Be sure to write a few sentences describing and summarizing each part of your analysis process (in addition to providing R code and relevant output).
Question 4 [5]
In this question, you’ll watch a brief interview with David Cox (first 12 minutes of https://www.youtube.com/watch?v=TiHCNRUiLKc&t=731s )
(a) Write 100-200 words briefly describing his motivation for developing this new model.

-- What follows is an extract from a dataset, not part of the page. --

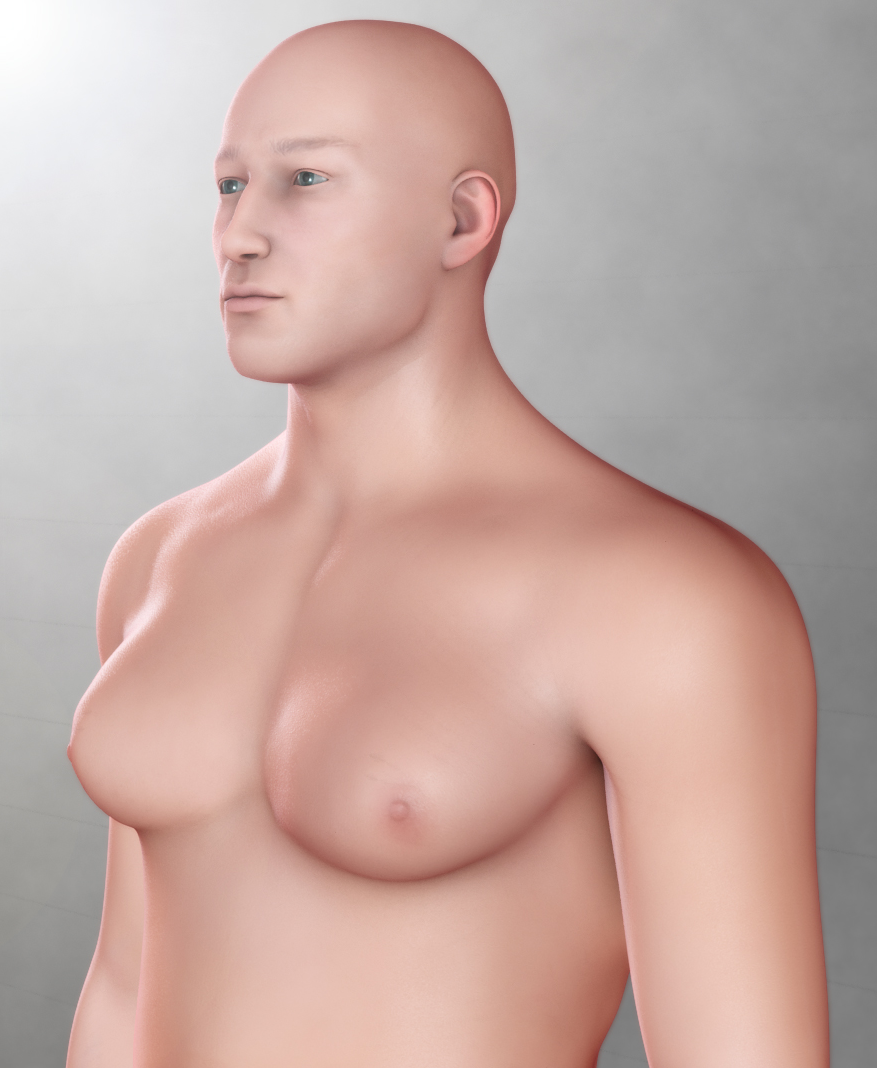 Gynecomastia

(b) If you used any information outside of the above video in your response,
please provide a citation for this information. If you used no other information, please write “I did not use any other information to produce my response.”
(c) If you used an LLM tool to generate any part of your response, please
indicate how you used it here and include a transcript of the conversation you
had. Reasonable use of an LLM is allowed to improve your answer, but the ideas should be your own.
Question 5 [10 points]
The following paragraph is a somewhat incorrect description of the Cox Proportional Haz- ards model. Identify **all** errors in the passage, and for each one, provide a justification (please use bullet points to clearly identify each error, followed by an explanation of why it is incorrect).
The Cox Proportional Hazards model is widely used in survival analysis due to its flexibility and robust theoretical foundation. Its popularity stems from the ability to handle multiple covariates while making minimal assumptions about the underlying data structure . A defining feature of this model is that it assumes that the baseline hazard function follows a Weibull distribution, which helps with computational efficiency. Like other survival models, it estimates the instantaneous risk of an event occurring, and the relationship between covariates and survival is expressed through the hazard ratio. The hazard ratios between different groups must remain constant over time - this is called the proportional odds assumption. As a fully parametric model, it provides direct estimates of survival times and allows us to explicitly interpret the magnitude of the baseline hazard at any time point.